COURT OF APPEALS OF NEBRASKA
Jun 8, 2021
29 Neb. App. 940 (Neb. Ct. App. 2021)

Opinion

No. A-20-642.

06-08-2021

Tosha SCHMUNK and Jason Schmunk, appellees, v. AQUATIC SOLUTIONS, appellant.

Drew Lefler, pro se. No appearance for appellees.


Drew Lefler, pro se.

No appearance for appellees.

Pirtle, Chief Judge, and Moore and Bishop, Judges.

Moore, Judge. INTRODUCTION

Tosha Schmunk and Jason Schmunk filed an action in the county court for Cheyenne County, sitting as a small claims court, against "Drew Lefler, Aquatic Solutions." We have referred to the party sued in this case as "Lefler," except when otherwise necessary to our discussion of the issues on appeal. The small claims court entered judgment in favor of the Schmunks. Lefler appealed, pro se, to the district court, which dismissed his appeal. Lefler then appealed to this court. For the reasons set forth herein, we reverse the district court's dismissal of Lefler's appeal and remand the cause for further proceedings.

STATEMENT OF FACTS

On November 21, 2019, the Schmunks filed an action in the small claims court, alleging that "the Defendents [sic] company" used deceptive trade practices in the marketing of a vacuum cleaner. Service was accomplished on "Aquatic Solutions % Drew Le[f]ler."

An evidentiary hearing was held, and the small claims court heard testimony from the Schmunks and Lefler and received several documentary exhibits. In his testimony, Lefler asserted that the Schmunks failed to properly and timely cancel their order for the vacuum and were bound by the parties’ contract to pay for it. On June 11, 2020, the small claims court entered judgment in favor of the Schmunks in the amount of $2,883.65 plus costs. The order specified that judgment was entered against "Aquatic Solutions."

Lefler appealed to the district court. The notice of appeal identifies the appellant as "Drew Lefler." Lefler appeared pro se at the district court hearing, during which the bill of exceptions from the small claims court hearing was received as an exhibit.
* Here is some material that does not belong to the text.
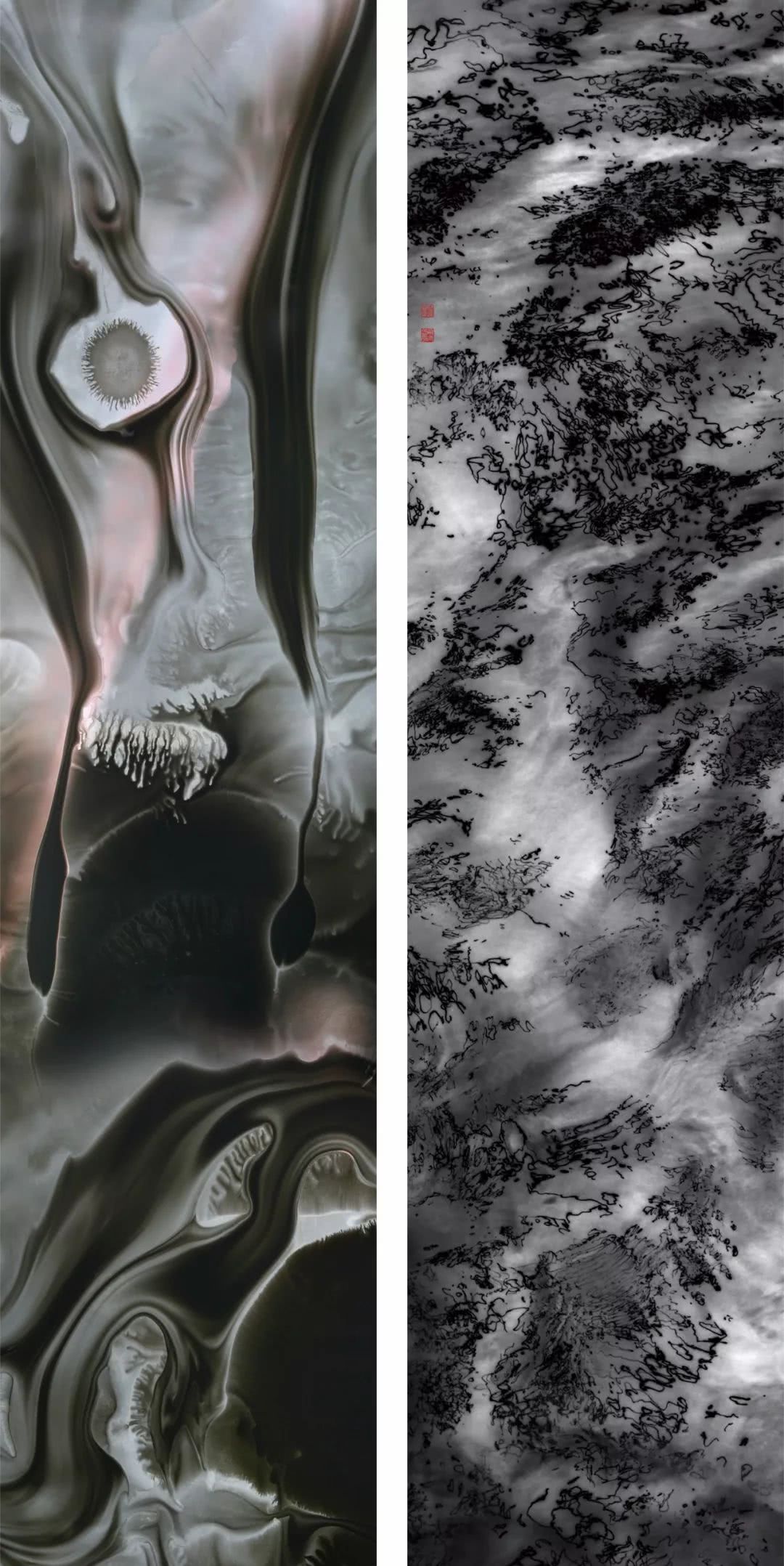 中国台湾艺术收藏设计专访刘恒甫不断攀越新的艺术高峰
On August 20, 2020, the district court entered an order dismissing Lefler's appeal. In its order, the court first considered Lefler's capacity to appeal. The court deemed that the Schmunks’ small claims complaint had identified both Aquatic Solutions and Lefler as defendants, but that the small claims court had entered judgment only as to Aquatic Solutions with no monetary judgment against Lefler. The district court observed that "Aquatic Solutions is some type of business entity and Drew Lefler is somehow affiliated with the leadership of that business entity." The court further observed that there was no evidence that Lefler was an attorney licensed in Nebraska. The court did not then analyze its jurisdiction under Neb. Rev. Stat. § 25-1315(1) (Reissue 2016), but, instead, it determined that Lefler had engaged in the unauthorized practice of law in representing Aquatic Solutions. The court cited Steinhausen v. HomeServices of Neb. , 289 Neb. 927, 857 N.W.2d 816 (2015), for the proposition that an individual can represent himself or herself in legal proceedings in his or her own behalf, but one who is not an attorney cannot represent others. The court further cited Steinhausen for the proposition that a legal proceeding in which a party is represented by a person not admitted to practice law is a nullity and is subject to dismissal. The court found that while Aquatic Solutions had the right to pursue an appeal of the judgment entered against it, it did not do so with the assistance of a licensed attorney, and that the filings on its behalf by Lefler were not proper as he was not a licensed attorney. Accordingly, the court concluded that Lefler's appeal was a nullity and dismissed it on that basis.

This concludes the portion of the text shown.